Trouwen met meerdere mannen
Het is zaterdagmiddag en we zitten met zijn drieën aan de keukentafel: Sol, Loa en ik. J. is aan het werk en we zijn net klaar met lunchen. “Mama, zijn papa en jij getrouwd?”. “Nee”, zeg ik. “Waarom niet?”, vraagt Loa. Ik lach en zeg: “Papa heeft mij nog nooit gevraagd.” Loa kijkt me een beetje vreemd aan. “Nou, ik ga wel trouwen hoor, met papa.” Ik haal mijn wenkbrauwen op. “Oh ja? En hoe moet dat dan met Remy?”. Remy is al sinds jaar en dag Loa’s vriendje. Tenminste, vanuit Loa’s kant. Ik vraag me af of Remy eigenlijk wel op de hoogte is dat hij verkering heeft met Loa. Of nog erger: of hij het eigenlijk wel leuk vindt. Ze vertelt er achteraan dat ze hem wel eens een kusje op zijn wang heeft gegeven en kijkt me glimmend van trots aan.“Nou, Remy daar ben ik op verliefd. Dus daar wil ik ook mee trouwen”, zegt ze. “Ik dacht dat je ook wel een beetje verliefd was op James”, probeer ik voorzichtig. “Nee mam, James is gewoon supertof. Dat is niet hetzelfde als verliefd”, word ik even terechtgewezen. “Heb je niet een beetje kriebels in je buik als je naar James kijkt dan?”, vraag ik.
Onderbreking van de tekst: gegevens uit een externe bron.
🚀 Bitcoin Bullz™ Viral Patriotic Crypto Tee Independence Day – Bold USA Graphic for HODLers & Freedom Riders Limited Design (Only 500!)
Ze zucht diep en zegt dan: “Ja, ook wel een beetje.” Ik vraag: “Maar kun je dan ook met iemand trouwen die je supertof vindt en wel kriebels van krijgt, maar waar je niet verliefd op bent?”. Ze denkt even na en zegt dan vol overtuiging: “Ja, dat kan. Ik ga dus met Remy en James trouwen en in één huis wonen. Dan moet jij maar met papa trouwen, anders is het zielig voor hem.” “Oh, nou ja, misschien moeten we dat dan maar doen dan.” En we praten nog even verder over de liefdesperikelen en verkeringen in haar klas (groep 4).
Kalverliefde
Ondertussen zie ik aan de overkant iemand langzaamaan steeds verder onder tafel verdwijnen. “Zeg Sol, hoe is dat bij jou in de klas? Wie heeft er verkering met wie?”, vraag ik. Sol haalt zijn schouders op en doet alsof het hem helemaal niets kan bommen. “Weet niet”, zegt hij. Ik vraag of ons buurmeisje nog steeds verkering heeft met één van zijn vriendjes uit de klas. Sol weet het niet, maar Loa weet het wel. “Ja, zij vindt hem nog steeds leuk hoor, zei ze tegen mij, maar dat mag je niet verder vertellen hoor, mama”, aldus Loa. Ik beloof plechtig mijn mond houd. Sol praat niet makkelijk over dit soort dingen en ik probeer hem een beetje uit zijn tent te lokken. “Als je zou moeten trouwen met iemand, wie zou je dan kiezen? Zou je T. kiezen of K.?” Ik maak de combinaties gekker en gekker en uiteindelijk gaat hij meedoen met het spel. Dan probeer ik voorzichtig te vragen wie hij het leukste meisje van de klas vindt. Hij wil het wel zeggen, maar dat wil hij het in mijn oor fluisteren. Hij fluistert de naam T. in mijn oor. Hij vertelt dat ze een tijdje geleden met de klas een uitje hadden waarbij ze een film keken. T. vond het een beetje eng en had gevraagd of Sol haar hand vast wilde houden. Hij haalt zijn schouders op. “Er zat niemand aan de andere kant, dus dat heb ik maar even gedaan.” Ik zeg: “Nou, dan denk ik dat ze jou ook wel een beetje leuk vindt hoor.” Sol knikt en zegt dat hij het ook wel denkt.